Back to School Stress: Establishing Good HabitsSeptember 17, 2013 | Erin Osborne
While other people make resolutions in January, most teachers make their resolutions in September. I will not fall behind my grading. I will not get as stressed out as I did last year. I will not eat an entire package of Chips Ahoy! in one sitting. With all your attention on teaching, it's important to make sure your personal life is set up to withstand the additional stress. Establishing a few good habits now will help you avoid slipping into a destructive cycle that will leave you burned out by spring.
Teaching is a demanding profession, one that will drain every ounce of your energy and still want more. The only way to stay balanced is to understand and accept that no matter how much you do, there will always be more work -- more correcting, more planning, more emailing, more attending meetings, more "volunteering" for after-school activities. Stretching yourself too thin is a recipe for burnout, so establish a few guidelines that will guard your sanity.
Designate Saturday or Sunday as a work-free zone. Spend your time however you want, as long as it isn't related to work. Catch up on TV shows or go out with family, but just be vigilant about giving the day your complete attention. Also select one day a week when you do only your contracted hours and leave your work at school.
Establish procedures for the workweek as well. No calls, emails, or paperwork past a certain time, say 8 PM. You have to give yourself time to decelerate from your professional obligations so that falling asleep is easy at bedtime. A 12-hour workday is more than long enough.
Exercise and Hobbies
Have you always wanted to try pottery or learn an instrument? It may seem as though you don't have enough hours in the day, but a new hobby can be energizing. The nonstop 180-day sleep-work-eat cycle can harm your mental and emotional health. Learning new skills will give you something positive to look forward to and reinvigorate your weekly routine. Hobbies help you to maintain a sense of self and remember life outside of the classroom. Double-up on quality time by inviting your friends or family to share in your hobby.
Did you know that most teachers gain weight over the school year, some as much as 10-20 pounds? This fluctuation is usually due to stress and poor dietary choices, so make an effort to eat balanced, healthy meals. Picking breakfasts that contain a good mixture of protein, fiber and carbohydrates will prevent cravings for glazed crullers in the teachers' lounge and support your stamina until the first break.
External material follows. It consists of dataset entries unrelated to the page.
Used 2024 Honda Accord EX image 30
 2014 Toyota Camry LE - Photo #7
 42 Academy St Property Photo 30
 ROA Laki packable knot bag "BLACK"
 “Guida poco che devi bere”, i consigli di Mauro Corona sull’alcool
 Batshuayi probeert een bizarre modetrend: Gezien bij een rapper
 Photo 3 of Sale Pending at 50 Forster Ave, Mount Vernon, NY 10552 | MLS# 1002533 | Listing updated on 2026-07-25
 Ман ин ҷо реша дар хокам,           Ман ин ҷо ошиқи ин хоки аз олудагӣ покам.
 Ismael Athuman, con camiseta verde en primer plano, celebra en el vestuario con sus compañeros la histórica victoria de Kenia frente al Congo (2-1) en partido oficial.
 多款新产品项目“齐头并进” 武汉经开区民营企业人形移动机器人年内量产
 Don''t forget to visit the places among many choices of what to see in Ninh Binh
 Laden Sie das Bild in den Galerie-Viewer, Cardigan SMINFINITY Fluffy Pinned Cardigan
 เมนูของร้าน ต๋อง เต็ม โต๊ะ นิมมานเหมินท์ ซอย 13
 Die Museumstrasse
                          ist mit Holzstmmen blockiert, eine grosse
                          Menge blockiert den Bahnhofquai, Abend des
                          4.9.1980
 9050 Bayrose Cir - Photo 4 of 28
Avoid heavy carbs and fat in cafeteria food by packing a lunch that won't leave you feeling sluggish and groggy. Quinoa salads are great warm or cold for the days that you can’t make it to the staff room, and it helps to have a stash of emergency soups and healthy microwave meals. Skipping meals can increase stress hormones and lead to serious binge eating, so plan ahead.
A slow cooker is a teacher's best friend. Prep, set and forget. After a long day, a home-cooked meal awaits. Baked in the South features a full month's worth of crockpot meals that you can batch up on the weekend, freeze and heat as needed. Southern food blogger Rhiannon includes the full shopping lists. When there's no time to shop, My Fridge Food will help you whip together a tasty meal with whatever ingredients you have on hand. Just identify items in your pantry, and they'll design something delicious.
Technology to Help with Productivity
Below, I've listed and described a few tools and apps to streamline the rest of your professional life.
- Dropbox is cloud storage, meaning you can access information from your smartphone or any web-enabled computer. There's no need to keep carry worksheets on USB flash drives any more.
- Evernote is a desktop and mobile program that lets you clip tidbits of information from all around the web. This tool is great for storing assorted information in multiple formats, from AVI (video) to WinZip (compressed files).
- WorkFlowy is the best flowchart tool that I have ever used. The app's online storage provides access from anywhere and enables sharing or collaborating with others.
- Focus@will features music that aids concentration, based the work of UCLA neuroscientists and thousands of testers. The creators claim they can increase a person’s focus by 400 percent.
Back to school will always be stressful, but following some of the tips described in this blog will enhance your health and productivity. Remember, before you take care of others, take care of yourself.